• _Information supplied_:
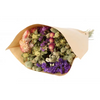 Flower Bouquet - Large Floral Round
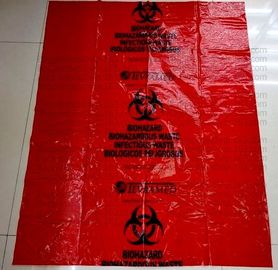 Biohazard Bags, LDPE bags, HDPE bags, LLDPE bags, Yellow bags, Red bags, Blue bags, sacks, waste diposal bags, jumbo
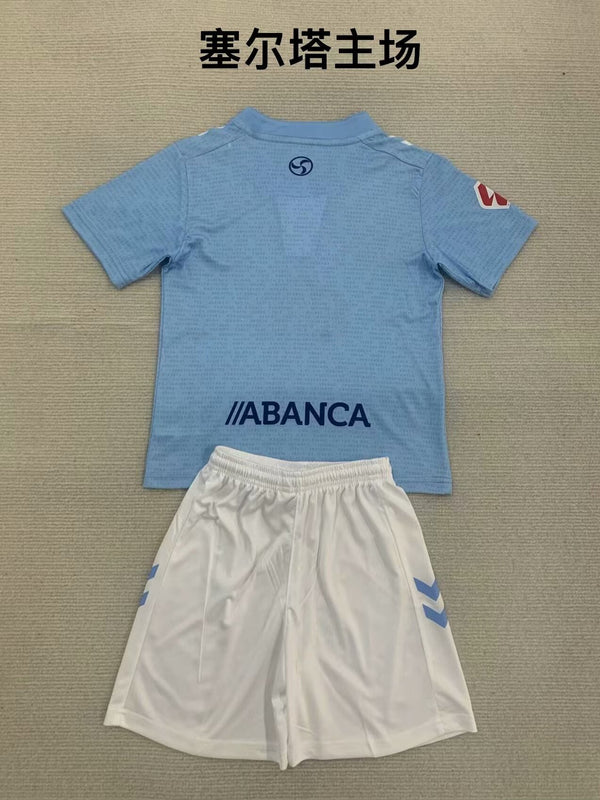 Celta de Vigo Local 24-25 Niños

• _Problem statement_:
Give back an exact copy of the material above, omitting the pictures.

• _Task solution_:
 Flower Bouquet - Large Floral Round
 Biohazard Bags, LDPE bags, HDPE bags, LLDPE bags, Yellow bags, Red bags, Blue bags, sacks, waste diposal bags, jumbo
 Celta de Vigo Local 24-25 Niños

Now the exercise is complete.